Assez étonnamment, les conclusions d’études2 que nous avons menées mettent en avant un certain nombre de normes sociales structurant les journées de bureau.

L’idée est plutôt de jouer sur différents leviers à proposer aux salariés tout en leur donnant une certaine liberté dans la manière de fixer leurs horaires. Le télétravail est une solution qui pourrait être complétée par le télétravail en heure de pointe : une alternance entre le télétravail et le travail au bureau sur une même journée afin d’éviter les périodes de forte sollicitation des transports3. Ce système permet d’éviter l’effet pervers du décalage des horaires de bureau qui ne plaît pas à tous d’un point de vue social.

Sur-Mesure : Le temps est un élément immatériel, intangible. Comment agit-on concrètement sur cette dimension de la ville, grâce à quel outil ?

Afin de pouvoir agir, nous établissons tout d’abord ce que nous appelons le diagnostic temporel pour connaître les usages et les rythmes de vie des territoires. Ce diagnostic se base sur l’analyse de données de l’INSEE et des enquêtes ménages déplacements. Ces différences d’usages propres à chaque territoire, c’est ce que nous appelons les couleurs temporelles.

Une grille d’action qui renvoie à des éléments clés importants : la polyvalence, la mutualisation et la réversibilité.

Ces usages sont analysés selon une grille temporelle (le jour, la nuit, la semaine, le weekend, l’été, l’hiver, etc.). Grâce à cette lecture des usages dans le temps, nous serons à même de réfléchir à des bâtiments ou des services qui seront adaptés ou adaptables.

Sur-Mesure : Concrètement, comment cela se traduit-il au domaine de l‘aménagement ?

Cette grille est également une grille d’action qui renvoie à des éléments clés importants : la polyvalence, la mutualisation et la réversibilité.

Pour illustrer ces divers outils, on peut reprendre l’idée évoquée plus tôt d’un bâtiment initialement prévu pour un usage unique qui, grâce à cette grille d’action, s‘ouvre à d’autres usages. Cela peut se traduire dans des immeubles d’habitation par la construction d’un rez-de-chaussée avec une hauteur sous plafond suffisante pour permettre l’usage du local par un commerce ou un bureau si les besoins évoluent.

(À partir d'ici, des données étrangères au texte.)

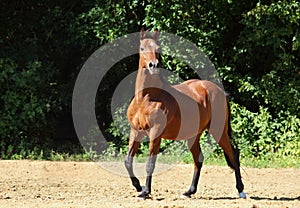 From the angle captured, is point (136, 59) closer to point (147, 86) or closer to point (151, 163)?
point (147, 86)

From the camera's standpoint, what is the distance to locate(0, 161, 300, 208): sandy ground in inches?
261

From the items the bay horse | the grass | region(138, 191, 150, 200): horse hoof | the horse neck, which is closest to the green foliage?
the grass

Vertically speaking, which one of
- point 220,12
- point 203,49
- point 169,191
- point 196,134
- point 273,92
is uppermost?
point 220,12

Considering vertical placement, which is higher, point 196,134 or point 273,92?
point 273,92

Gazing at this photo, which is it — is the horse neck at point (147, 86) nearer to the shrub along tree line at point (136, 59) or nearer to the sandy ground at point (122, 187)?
the sandy ground at point (122, 187)

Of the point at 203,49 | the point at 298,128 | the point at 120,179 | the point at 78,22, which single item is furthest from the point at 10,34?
the point at 298,128

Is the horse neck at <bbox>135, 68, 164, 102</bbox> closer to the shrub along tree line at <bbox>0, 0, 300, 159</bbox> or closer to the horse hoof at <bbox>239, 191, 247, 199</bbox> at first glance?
the horse hoof at <bbox>239, 191, 247, 199</bbox>

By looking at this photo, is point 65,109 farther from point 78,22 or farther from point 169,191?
point 169,191

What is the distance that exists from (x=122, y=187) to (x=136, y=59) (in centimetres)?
581

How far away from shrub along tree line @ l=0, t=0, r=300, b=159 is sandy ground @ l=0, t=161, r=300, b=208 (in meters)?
2.08

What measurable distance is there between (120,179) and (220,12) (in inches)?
199

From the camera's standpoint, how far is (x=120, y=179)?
930cm

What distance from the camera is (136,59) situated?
13.7 m

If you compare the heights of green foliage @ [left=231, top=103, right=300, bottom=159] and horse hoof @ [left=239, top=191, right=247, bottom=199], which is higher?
green foliage @ [left=231, top=103, right=300, bottom=159] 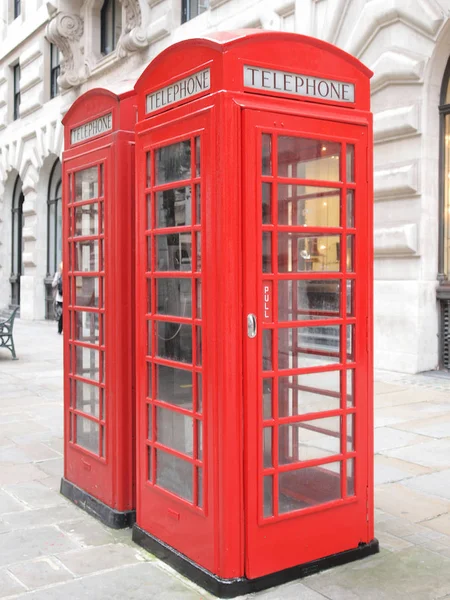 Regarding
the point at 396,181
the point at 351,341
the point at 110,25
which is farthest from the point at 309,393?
the point at 110,25

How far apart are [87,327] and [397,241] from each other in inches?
251

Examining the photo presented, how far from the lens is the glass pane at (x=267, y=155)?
3.34 meters

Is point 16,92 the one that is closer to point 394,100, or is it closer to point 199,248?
point 394,100

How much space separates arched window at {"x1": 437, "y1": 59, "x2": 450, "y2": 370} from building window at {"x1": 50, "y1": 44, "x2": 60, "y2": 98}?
44.7 ft

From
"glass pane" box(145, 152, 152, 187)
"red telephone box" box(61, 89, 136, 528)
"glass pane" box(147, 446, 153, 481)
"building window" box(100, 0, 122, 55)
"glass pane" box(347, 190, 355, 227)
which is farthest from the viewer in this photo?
"building window" box(100, 0, 122, 55)

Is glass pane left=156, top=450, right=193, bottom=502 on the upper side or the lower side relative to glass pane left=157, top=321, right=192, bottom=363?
lower

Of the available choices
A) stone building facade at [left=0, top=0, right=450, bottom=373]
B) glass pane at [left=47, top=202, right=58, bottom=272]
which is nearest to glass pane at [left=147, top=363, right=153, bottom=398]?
stone building facade at [left=0, top=0, right=450, bottom=373]

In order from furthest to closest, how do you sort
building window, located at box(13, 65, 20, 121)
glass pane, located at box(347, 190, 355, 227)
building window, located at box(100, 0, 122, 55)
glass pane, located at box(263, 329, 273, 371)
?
building window, located at box(13, 65, 20, 121) < building window, located at box(100, 0, 122, 55) < glass pane, located at box(347, 190, 355, 227) < glass pane, located at box(263, 329, 273, 371)

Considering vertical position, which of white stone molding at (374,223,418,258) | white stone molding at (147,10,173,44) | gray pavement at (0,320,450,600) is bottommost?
gray pavement at (0,320,450,600)

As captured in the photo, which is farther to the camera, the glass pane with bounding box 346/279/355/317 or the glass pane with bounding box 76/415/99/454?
the glass pane with bounding box 76/415/99/454

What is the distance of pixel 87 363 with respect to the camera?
4.66m

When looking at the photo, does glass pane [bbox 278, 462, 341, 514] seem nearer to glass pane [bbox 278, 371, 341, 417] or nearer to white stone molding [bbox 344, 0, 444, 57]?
glass pane [bbox 278, 371, 341, 417]

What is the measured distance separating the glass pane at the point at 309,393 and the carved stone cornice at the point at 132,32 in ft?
45.6

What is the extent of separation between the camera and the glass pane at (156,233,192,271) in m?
3.54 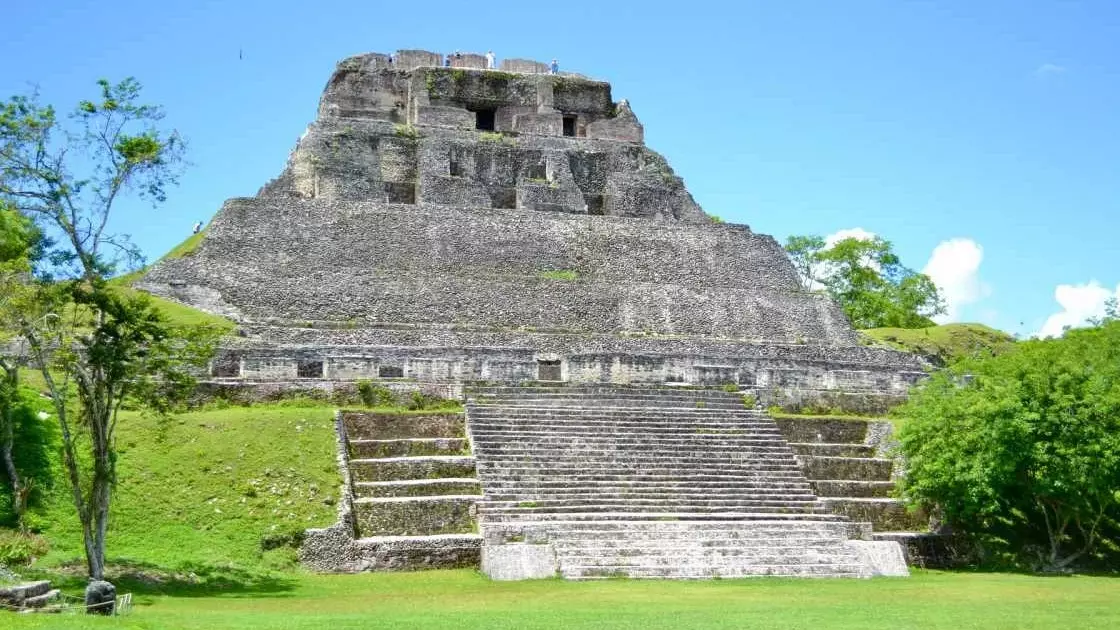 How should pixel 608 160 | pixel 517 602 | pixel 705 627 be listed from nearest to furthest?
1. pixel 705 627
2. pixel 517 602
3. pixel 608 160

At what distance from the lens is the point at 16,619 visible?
960 centimetres

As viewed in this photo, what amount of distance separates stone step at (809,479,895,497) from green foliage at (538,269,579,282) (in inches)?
360

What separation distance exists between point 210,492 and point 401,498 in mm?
2542

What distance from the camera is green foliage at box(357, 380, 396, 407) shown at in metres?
20.2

Par ailleurs, un outil a été réalisé par le réseau Tempo territorial. Il s’agit du guide « Prendre en compte le temps dans l’aménagement »4 construit sous forme de fiches pratiques.

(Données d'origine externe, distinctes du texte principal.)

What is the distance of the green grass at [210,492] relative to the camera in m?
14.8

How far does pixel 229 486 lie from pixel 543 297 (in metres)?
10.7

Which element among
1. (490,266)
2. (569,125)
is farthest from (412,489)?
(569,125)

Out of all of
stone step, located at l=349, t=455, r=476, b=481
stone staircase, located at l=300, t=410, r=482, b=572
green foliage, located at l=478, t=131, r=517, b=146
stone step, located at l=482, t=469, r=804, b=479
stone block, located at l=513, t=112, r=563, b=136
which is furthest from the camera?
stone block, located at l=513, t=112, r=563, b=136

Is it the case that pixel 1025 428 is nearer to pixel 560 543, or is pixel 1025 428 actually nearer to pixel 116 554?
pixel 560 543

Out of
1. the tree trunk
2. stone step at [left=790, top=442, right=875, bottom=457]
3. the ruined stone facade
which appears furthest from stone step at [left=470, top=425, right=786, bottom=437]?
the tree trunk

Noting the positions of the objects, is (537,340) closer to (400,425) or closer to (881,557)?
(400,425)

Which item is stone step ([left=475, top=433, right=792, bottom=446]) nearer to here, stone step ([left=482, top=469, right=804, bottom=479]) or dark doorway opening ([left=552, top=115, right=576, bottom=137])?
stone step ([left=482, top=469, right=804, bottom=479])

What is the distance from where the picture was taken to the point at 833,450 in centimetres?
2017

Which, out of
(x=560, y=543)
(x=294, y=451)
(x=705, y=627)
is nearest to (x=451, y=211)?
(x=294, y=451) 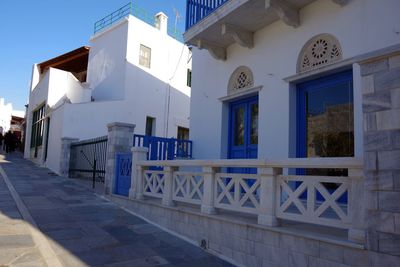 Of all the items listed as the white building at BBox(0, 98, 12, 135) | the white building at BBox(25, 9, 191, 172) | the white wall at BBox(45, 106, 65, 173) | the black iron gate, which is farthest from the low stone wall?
the white building at BBox(0, 98, 12, 135)

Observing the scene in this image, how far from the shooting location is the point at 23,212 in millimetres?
6766

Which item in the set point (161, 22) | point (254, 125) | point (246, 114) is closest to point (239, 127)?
point (246, 114)

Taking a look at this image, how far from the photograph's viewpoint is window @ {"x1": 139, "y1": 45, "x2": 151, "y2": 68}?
1775 centimetres

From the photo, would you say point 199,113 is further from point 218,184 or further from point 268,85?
point 218,184

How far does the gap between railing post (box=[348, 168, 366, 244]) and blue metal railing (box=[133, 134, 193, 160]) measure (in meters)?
6.01

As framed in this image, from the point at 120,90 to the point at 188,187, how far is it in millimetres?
12061

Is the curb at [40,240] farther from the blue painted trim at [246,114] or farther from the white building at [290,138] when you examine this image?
the blue painted trim at [246,114]

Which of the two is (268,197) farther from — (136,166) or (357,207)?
(136,166)

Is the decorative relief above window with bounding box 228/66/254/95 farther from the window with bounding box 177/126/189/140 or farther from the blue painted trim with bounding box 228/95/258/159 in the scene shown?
the window with bounding box 177/126/189/140

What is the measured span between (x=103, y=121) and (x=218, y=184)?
12.0m

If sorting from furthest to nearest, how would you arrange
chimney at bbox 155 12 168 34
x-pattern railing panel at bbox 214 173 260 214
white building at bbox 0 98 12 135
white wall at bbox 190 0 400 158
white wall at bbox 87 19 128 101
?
white building at bbox 0 98 12 135 → chimney at bbox 155 12 168 34 → white wall at bbox 87 19 128 101 → white wall at bbox 190 0 400 158 → x-pattern railing panel at bbox 214 173 260 214

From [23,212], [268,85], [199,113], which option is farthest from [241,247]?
[199,113]

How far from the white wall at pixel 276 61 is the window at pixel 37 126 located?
13.3m

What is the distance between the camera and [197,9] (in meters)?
8.55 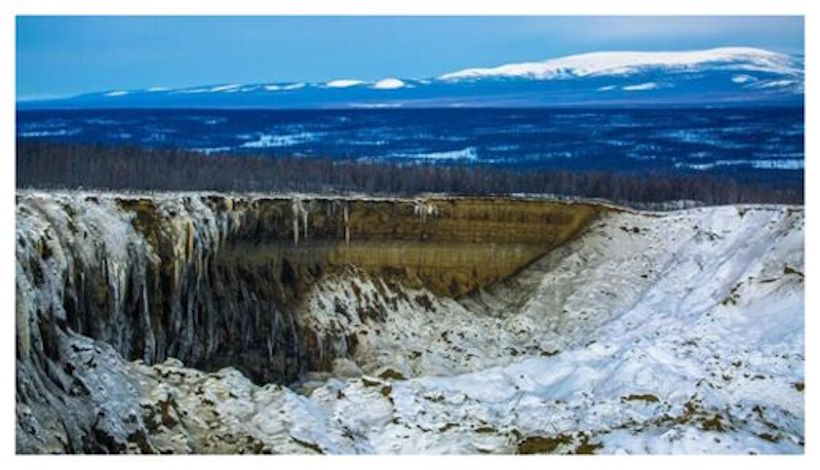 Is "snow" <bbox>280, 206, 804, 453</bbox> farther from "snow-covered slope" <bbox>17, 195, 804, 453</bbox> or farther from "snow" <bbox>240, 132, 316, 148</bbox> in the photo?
"snow" <bbox>240, 132, 316, 148</bbox>

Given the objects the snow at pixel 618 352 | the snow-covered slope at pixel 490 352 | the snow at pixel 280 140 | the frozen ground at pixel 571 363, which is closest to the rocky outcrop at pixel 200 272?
the snow-covered slope at pixel 490 352

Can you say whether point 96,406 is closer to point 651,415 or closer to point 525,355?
point 651,415

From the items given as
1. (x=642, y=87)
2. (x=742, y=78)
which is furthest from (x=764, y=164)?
(x=742, y=78)

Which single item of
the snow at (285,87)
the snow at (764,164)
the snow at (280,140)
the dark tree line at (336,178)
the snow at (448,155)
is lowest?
the dark tree line at (336,178)

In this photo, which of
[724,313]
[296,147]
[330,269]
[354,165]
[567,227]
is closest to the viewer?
[724,313]

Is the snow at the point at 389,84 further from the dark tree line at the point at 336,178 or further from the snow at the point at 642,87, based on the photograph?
the snow at the point at 642,87

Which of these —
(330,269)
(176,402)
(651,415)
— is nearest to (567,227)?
(330,269)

Faut-il concevoir un projet depuis les usages actuels de la ville ou faut-il laisser une marge de manœuvre pour faire évoluer le projet et ainsi prendre en compte les usages futurs de la ville ?

Sur-Mesure : Selon vous, y a-t-il un impératif de prise en compte de la temporalité dans les projets urbains ?

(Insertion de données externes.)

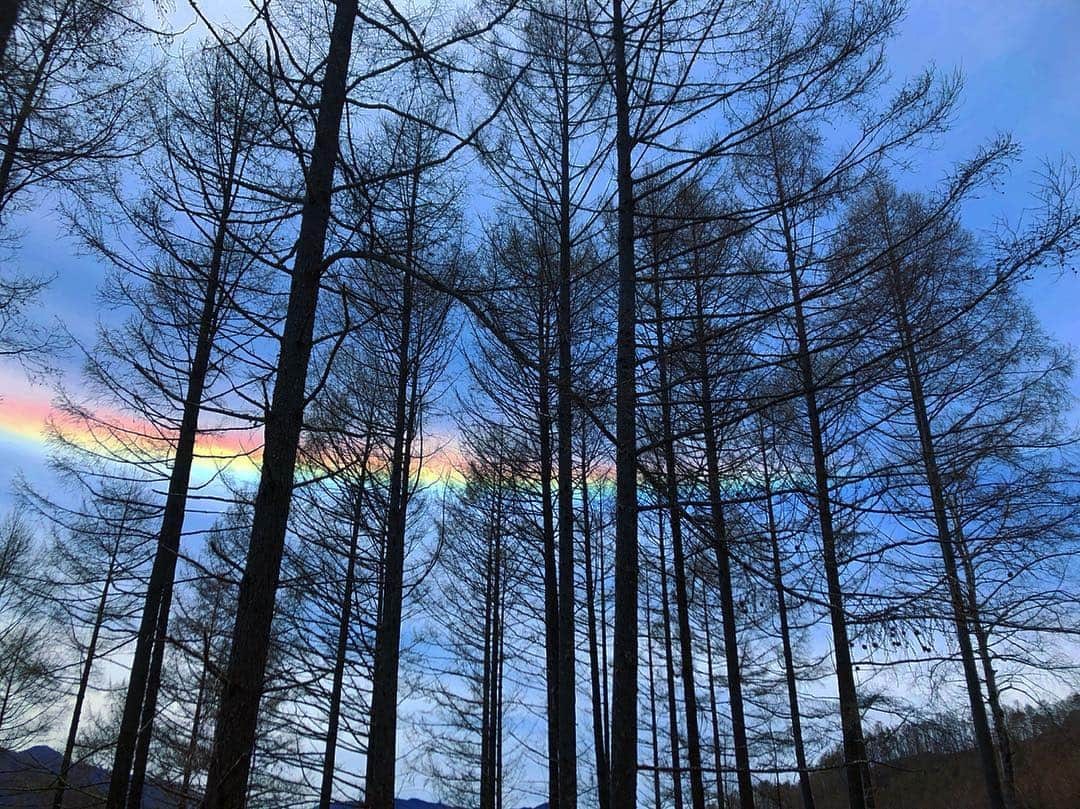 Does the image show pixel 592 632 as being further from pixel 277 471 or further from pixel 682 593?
pixel 277 471

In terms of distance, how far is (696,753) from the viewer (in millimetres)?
10594

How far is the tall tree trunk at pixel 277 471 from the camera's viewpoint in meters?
2.17

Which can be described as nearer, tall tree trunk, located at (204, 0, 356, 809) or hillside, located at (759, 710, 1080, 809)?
tall tree trunk, located at (204, 0, 356, 809)

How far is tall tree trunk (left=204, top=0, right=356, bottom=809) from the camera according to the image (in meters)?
2.17

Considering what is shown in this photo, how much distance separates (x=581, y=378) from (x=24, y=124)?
17.8ft

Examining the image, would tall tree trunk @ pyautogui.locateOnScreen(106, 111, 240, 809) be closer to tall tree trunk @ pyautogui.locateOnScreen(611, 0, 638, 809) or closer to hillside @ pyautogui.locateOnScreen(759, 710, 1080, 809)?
tall tree trunk @ pyautogui.locateOnScreen(611, 0, 638, 809)

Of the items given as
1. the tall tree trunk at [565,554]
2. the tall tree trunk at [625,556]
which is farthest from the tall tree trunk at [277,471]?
the tall tree trunk at [565,554]

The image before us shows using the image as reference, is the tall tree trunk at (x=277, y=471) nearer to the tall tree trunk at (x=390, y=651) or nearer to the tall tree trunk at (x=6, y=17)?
the tall tree trunk at (x=6, y=17)

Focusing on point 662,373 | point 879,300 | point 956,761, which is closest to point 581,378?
point 662,373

Nous avons fait une grille de lecture à destination des aménageurs pour leur fournir des éléments pour les aiguiller sur la prise en compte du temps et des usages dans leur pratique d'aménagement. Cette prise en compte est un plus, pas un impératif.

Cet élément a été testé dans la programmation de quelques projets sur notre territoire, cela nous a donné quelques pistes d’idées. Cependant, c’est une démarche qui arrive parfois en contradiction avec d’autres enjeux.

Sur-Mesure : Existe-t-il un moyen d’intervenir entre le moment de réflexion du projet et sa construction et son appropriation par les usagers ?

Votre question en renvoie à une autre : faut-il concevoir un projet depuis les usages actuels de la ville ou faut-il laisser une marge de manœuvre pour faire évoluer le projet et ainsi prendre en compte les usages futurs de la ville ? Deux exemples pour illustrer : le plan guide de l’île de Nantes, qui tout en s’urbanisant a su intégrer les nouveaux usages de la ville, et l'Hôtel Pasteur à Rennes qui est ouvert à des appropriations et usages évolutifs.


  1. Actuellement, 10 % du temps de vie est consacré au travail, contre 40 % en 1900 

  2. Enquête Temps et Congestion (non disponible sur internet). Cette enquête menée en 2018 sur la zone d’emploi du numérique de Beaulieu à Rennes (zone qui comporte une part importante de CSP+), a mis en évidence que 80% des interrogés disaient avoir des horaires libres et pourtant 90% arrivaient quotidiennement à la même heure.  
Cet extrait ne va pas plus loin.